Multi-Core Scaling with Socket Fanout
While V3 improves single-thread efficiency, capturing multi-gigabit traffic requires parallel processing. Since kernel 3.1, AF_PACKET supports fanout groups, allowing multiple sockets to capture from the same interface with kernel-level load distribution.

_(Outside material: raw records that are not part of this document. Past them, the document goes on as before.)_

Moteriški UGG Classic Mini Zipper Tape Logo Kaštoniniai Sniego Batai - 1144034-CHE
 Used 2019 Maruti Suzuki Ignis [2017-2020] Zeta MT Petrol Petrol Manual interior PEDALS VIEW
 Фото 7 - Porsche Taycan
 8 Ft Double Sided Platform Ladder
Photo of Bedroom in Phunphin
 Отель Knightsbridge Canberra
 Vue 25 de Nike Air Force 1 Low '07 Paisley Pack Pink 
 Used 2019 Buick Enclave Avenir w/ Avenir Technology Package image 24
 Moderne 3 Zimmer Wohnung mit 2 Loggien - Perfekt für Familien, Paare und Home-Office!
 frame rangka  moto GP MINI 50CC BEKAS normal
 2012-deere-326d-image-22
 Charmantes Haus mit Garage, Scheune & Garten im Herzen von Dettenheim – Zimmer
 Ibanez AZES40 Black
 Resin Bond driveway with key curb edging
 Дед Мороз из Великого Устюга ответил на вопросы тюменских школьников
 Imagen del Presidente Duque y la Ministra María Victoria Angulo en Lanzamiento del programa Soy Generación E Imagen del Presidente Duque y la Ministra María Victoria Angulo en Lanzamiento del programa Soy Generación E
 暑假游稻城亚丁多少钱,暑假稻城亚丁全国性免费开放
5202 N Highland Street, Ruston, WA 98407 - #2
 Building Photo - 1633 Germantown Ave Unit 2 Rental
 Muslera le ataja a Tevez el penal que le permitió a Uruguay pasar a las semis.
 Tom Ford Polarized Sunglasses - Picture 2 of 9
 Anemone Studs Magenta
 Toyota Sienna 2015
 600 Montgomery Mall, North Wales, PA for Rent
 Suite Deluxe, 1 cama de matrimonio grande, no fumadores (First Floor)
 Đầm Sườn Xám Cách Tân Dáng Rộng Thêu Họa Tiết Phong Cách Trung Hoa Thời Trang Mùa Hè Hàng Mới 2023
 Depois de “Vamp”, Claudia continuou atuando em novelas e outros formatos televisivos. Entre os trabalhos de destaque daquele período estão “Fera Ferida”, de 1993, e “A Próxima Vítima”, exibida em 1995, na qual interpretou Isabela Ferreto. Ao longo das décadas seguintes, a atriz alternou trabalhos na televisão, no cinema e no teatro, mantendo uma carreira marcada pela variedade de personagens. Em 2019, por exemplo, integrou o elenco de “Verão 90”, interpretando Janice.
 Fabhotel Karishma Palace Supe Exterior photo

A fanout group supports up to 65,536 sockets. Members join via setsockopt() with PACKET_FANOUT. The group persists until all member sockets close, with the kernel distributing packets according to configurable algorithms.
Distribution Algorithms
| Mode | Description | Characteristics |
|---|---|---|
PACKET_FANOUT_HASH |
Hash on 5-tuple (IP addresses, ports) | Flow-aware, preserves session affinity (default) |
PACKET_FANOUT_LB |
Round-robin distribution | Simple load balancing, stateless |
PACKET_FANOUT_RND |
Pseudo-random selection | Stateless processing |
PACKET_FANOUT_CPU |
Bind to receiving CPU | NUMA-aware architectures |
PACKET_FANOUT_ROLLOVER |
Failover on congestion | High-reliability capture |
PACKET_FANOUT_QM |
Map hardware queue to socket (3.14+) | RSS queue affinity |
The PACKET_FANOUT_HASH mode ensures all packets belonging to the same flow arrive at the same socket, preserving flow state for stateful analysis.
Fanout Implementation
#include <stdio.h>
#include <stdlib.h>
#include <string.h>
#include <sys/types.h>
#include <sys/wait.h>
#include <sys/socket.h>
#include <sys/ioctl.h>
#include <unistd.h>
#include <linux/if_ether.h>
#include <linux/if_packet.h>
#include <net/if.h>
static const char *interface;
static int fanout_alg;
static int group_ident;
#ifndef PACKET_FANOUT
#define PACKET_FANOUT 18
#define PACKET_FANOUT_HASH 0
#define PACKET_FANOUT_LB 1
#endif
static int setup_fanout_sock(void)
{
int fd = socket(AF_PACKET, SOCK_RAW, htons(ETH_P_IP));
struct sockaddr_ll addr;
struct ifreq ifr;
int config;
if (fd < 0) {
perror("socket");
return -1;
}
memset(&ifr, 0, sizeof(ifr));
strncpy(ifr.ifr_name, interface, IFNAMSIZ - 1);
if (ioctl(fd, SIOCGIFINDEX, &ifr) < 0) {
perror("ioctl");
return -1;
}
memset(&addr, 0, sizeof(addr));
addr.sll_family = AF_PACKET;
addr.sll_ifindex = ifr.ifr_ifindex;
if (bind(fd, (struct sockaddr *)&addr, sizeof(addr)) < 0) {
perror("bind");
return -1;
}
/* High 16 bits: algorithm, Low 16 bits: group ID */
config = (group_ident & 0xFFFF) | (fanout_alg << 16);
if (setsockopt(fd, SOL_PACKET, PACKET_FANOUT, &config, sizeof(config)) < 0) {
perror("setsockopt fanout");
return -1;
}
return fd;
}
static void worker_proc(void)
{
int fd = setup_fanout_sock();
int remaining = 10000;
char buf[1600];
if (fd < 0) exit(EXIT_FAILURE);
while (remaining-- > 0) {
if (read(fd, buf, sizeof(buf)) < 0) {
perror("read");
exit(EXIT_FAILURE);
}
if ((remaining % 100) == 0)
printf("PID %d: %d packets remaining\n", getpid(), remaining);
}
printf("PID %d completed capture\n", getpid());
close(fd);
exit(EXIT_SUCCESS);
}
int main(int argc, char **argv)
{
int i;
if (argc != 3) {
fprintf(stderr, "Usage: %s <interface> {hash|lb}\n", argv[0]);
return EXIT_FAILURE;
}
if (!strcmp(argv[2], "hash"))
fanout_alg = PACKET_FANOUT_HASH;
else if (!strcmp(argv[2], "lb"))
fanout_alg = PACKET_FANOUT_LB;
else {
fprintf(stderr, "Unknown mode: %s\n", argv[2]);
return EXIT_FAILURE;
}
interface = argv[1];
group_ident = getpid() & 0xFFFF;
for (i = 0; i < 4; i++) {
pid_t pid = fork();
if (pid == 0) {
worker_proc();
} else if (pid < 0) {
perror("fork");
exit(EXIT_FAILURE);
}
}
for (i = 0; i < 4; i++)
wait(NULL);
return 0;
}
The config value combines the 16-bit group identifier with the algorithm selector. All sockets sharing the same group ID receive distributed packets according to the selected algorithm, enabling linear scaling across CPU cores.